The “true language” is the natural, unstructured language that the Child teaches to Ovid, representing a naturalistic worldview that sees the universe as one large, interconnected whole. Although Ovid refers it as a “language,” the true language is not actually an audible way of speaking, but a way of interacting with and understanding the natural world which shows a person that he or she is not distinct from nature but a part of it, indistinguishable from the rest. Although Ovid remembers knowing this language as a young boy, one of his first glimpses of it as an adult is when the Child shows him how to call to the animals in the forest. Rather than simply mimicking bird calls, the Child shapes his face like the bird’s beak and “becomes” the bird itself, perceiving no distinction between himself and the plants and animals around him.
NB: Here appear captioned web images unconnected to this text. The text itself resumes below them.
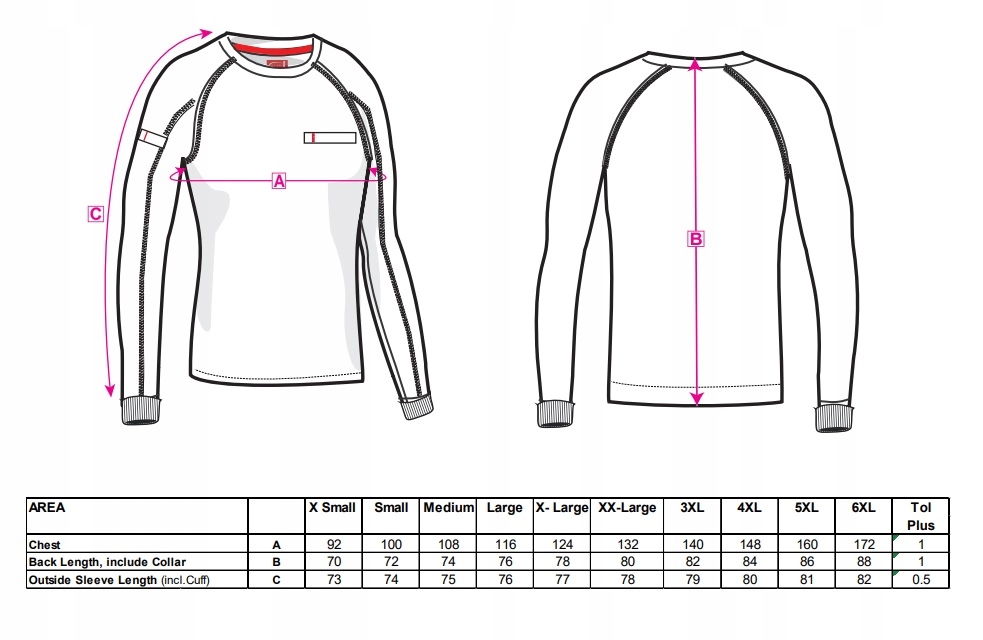 KOSZULKA TRUDNOPALNA DLA SPAWACZA PORTWEST FR33 L Rozmiar L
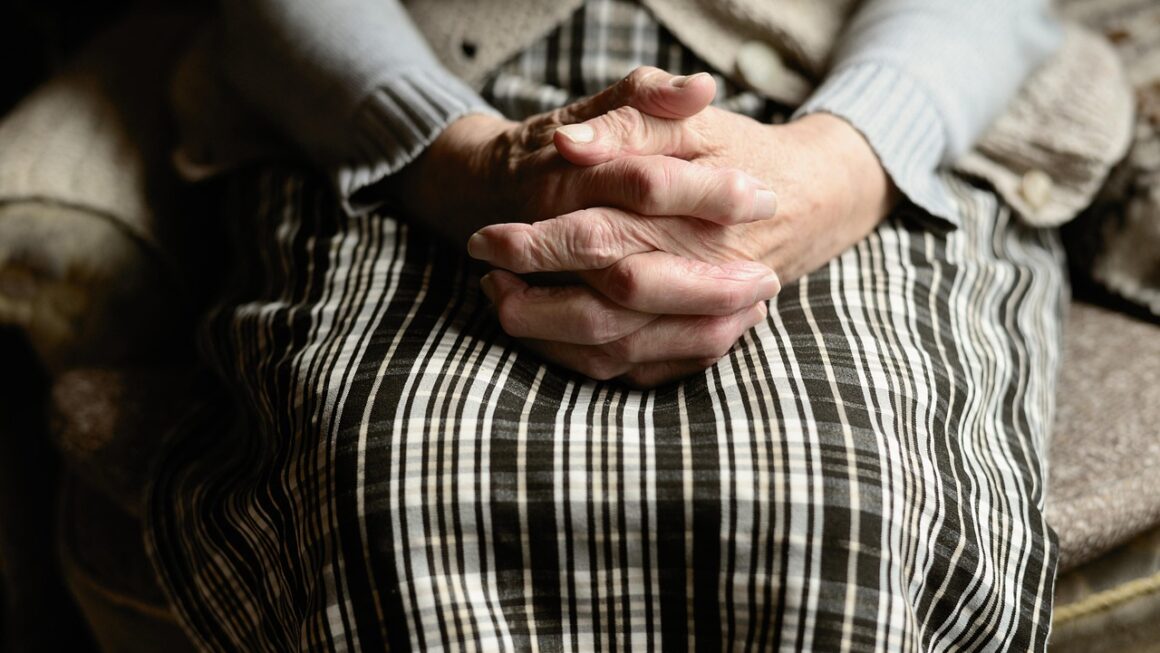 Aging Navigation: Care Management Redefined For Senior Wellbeing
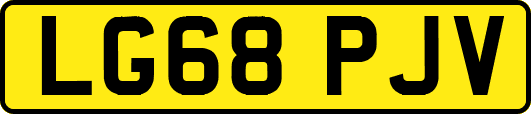 LG68PJV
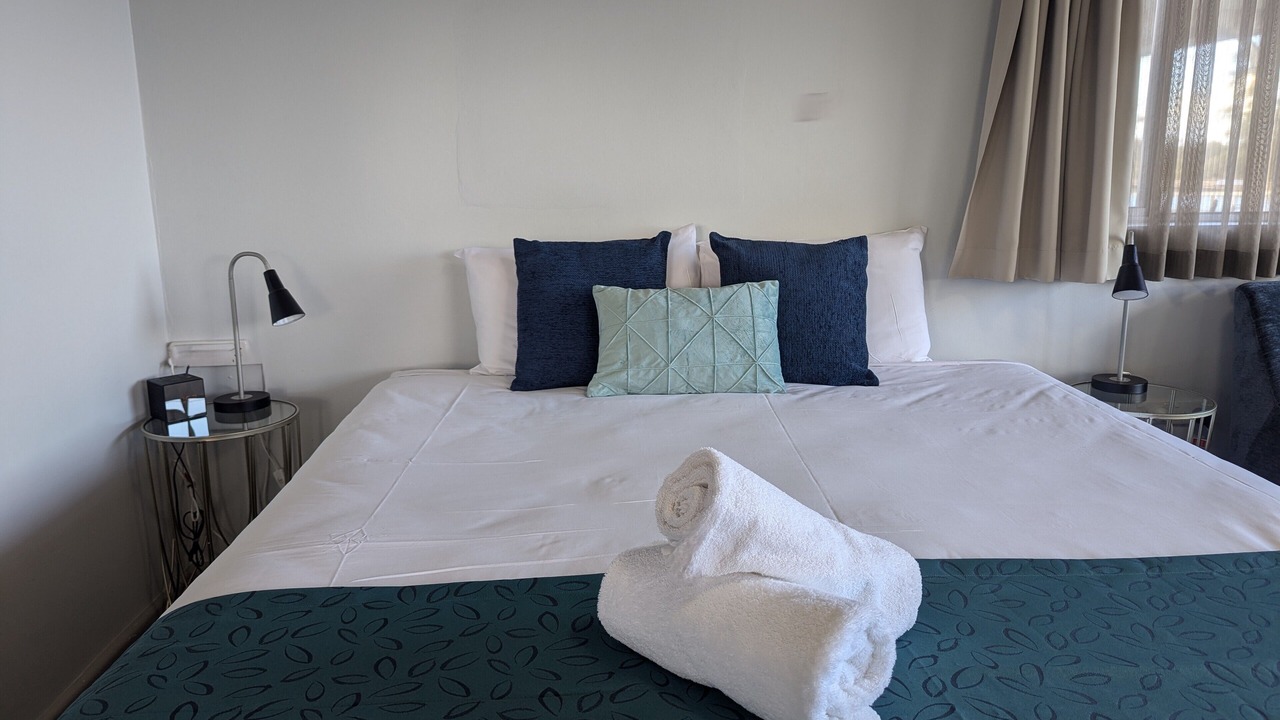 Photo of Bedroom in North Haven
As the Child teaches Ovid about the natural world, Ovid begins to understand this true language himself. He wants to “let the universe in,” and senses that the true language reconciles him to the world around him. Ovid tries to eliminate his sense of self and conceptualize himself as one with the world around him, though he struggles to let go of his own individualism. However, when Ovid and the Child flee Tomis and cross the River Ister into the northern lands, thus abandoning human society forever, Ovid finally grasps the true language and understand that he is only one element in the whole of creation. Ovid’s separation from human civilization and sophisticated Latin language—which encourages him to separate himself from the world around him—enables him to realize his connection to the universe. In this way, the true language more broadly represents humanity’s oneness with the rest of the universe. In his final days, Ovid faces his impending death with the perspective, which the true language grants him, that his body will break down and feed the soil, and he will thus live on in the new organisms fed by his remains.
The True Language Quotes in An Imaginary Life
Does the boy watch all this, I wonder? And what does he make of it? What species does he think he might belong to? Does he recognize his own?
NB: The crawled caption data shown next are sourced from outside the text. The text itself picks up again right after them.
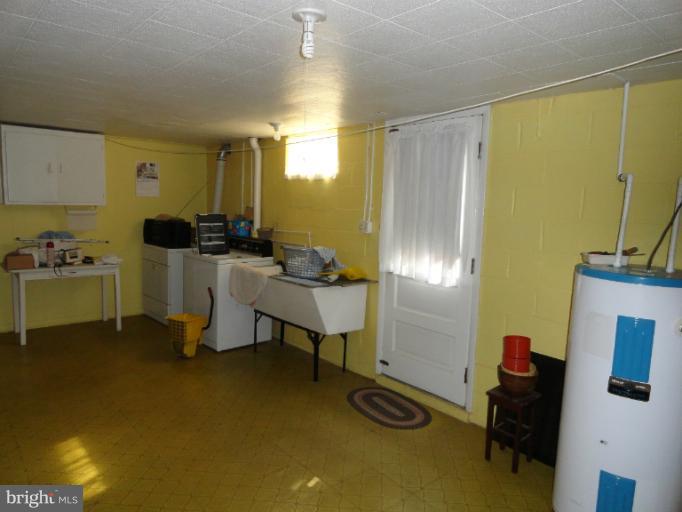 7825 Belgaro Road Laurel, MD 20723 - Photo 15 of 29 Basement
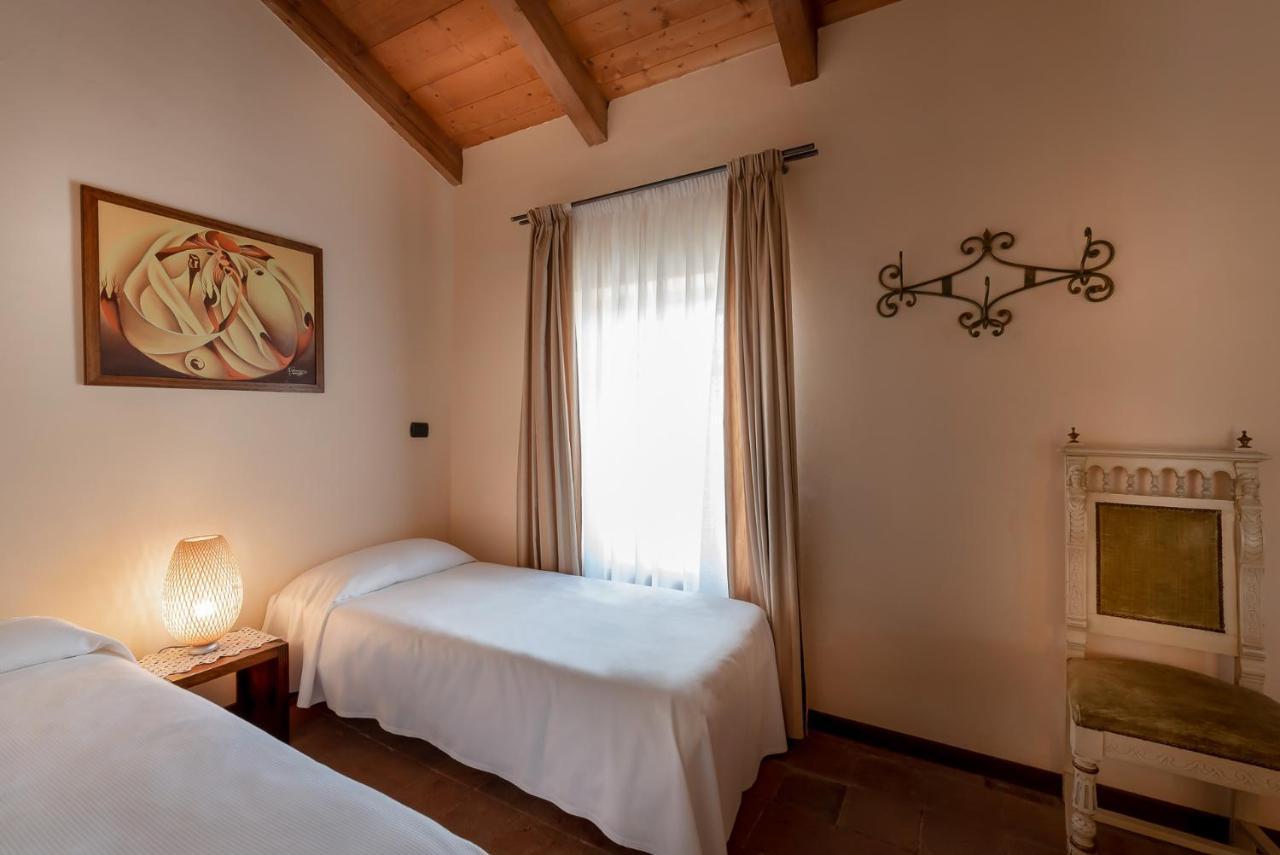 Agriturismo San Martino Clavesana Exterior foto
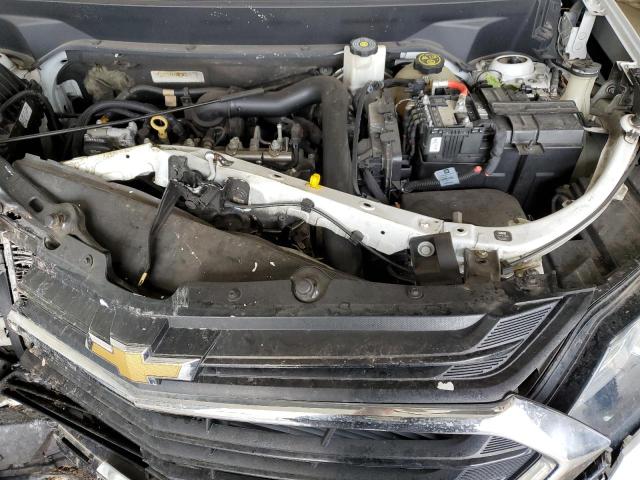 Photo 12 from auction – 2018 CHEVROLET EQUINOX LT with VIN 2GNAXSEV8J6258024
All this world is alive for [the Child]. It is his sphere of knowledge, a kind of library of forms that he has observed and committed to memory, another language whose hieroglyphs he can interpret and read.
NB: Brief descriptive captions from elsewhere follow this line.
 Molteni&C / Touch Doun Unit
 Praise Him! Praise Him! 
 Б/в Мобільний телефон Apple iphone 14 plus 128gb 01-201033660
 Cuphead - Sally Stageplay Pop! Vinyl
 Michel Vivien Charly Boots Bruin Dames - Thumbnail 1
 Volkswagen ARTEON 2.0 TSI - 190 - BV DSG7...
Slowly I begin the final metamorphosis. I must drive out my old self and let the universe in. The creatures will come creeping back—not as gods transmogrified, but as themselves. Beaked, furred, fanged, tusked, clawed, hooved, snouted, they will settle in us, re-entering their old lives deep in our consciousness. And after them, the plants, also themselves.
The language I am speaking of now, that I am almost speaking, is a language whose every syllable is a gesture of reconciliation. We knew that language once. I spoke it in my childhood. We must discover it again.
The days pass, and I cease to count them. The river is far behind us. […] I no longer ask myself what we are making for. The notion of a destination no longer seems necessary to me. It has been swallowed up in the immensity of this landscape, as the days have been swallowed up by the sense I now have of a life that stretches beyond measurable time.
From here I ascend, or lower myself, grain by grain, into the hands of the gods.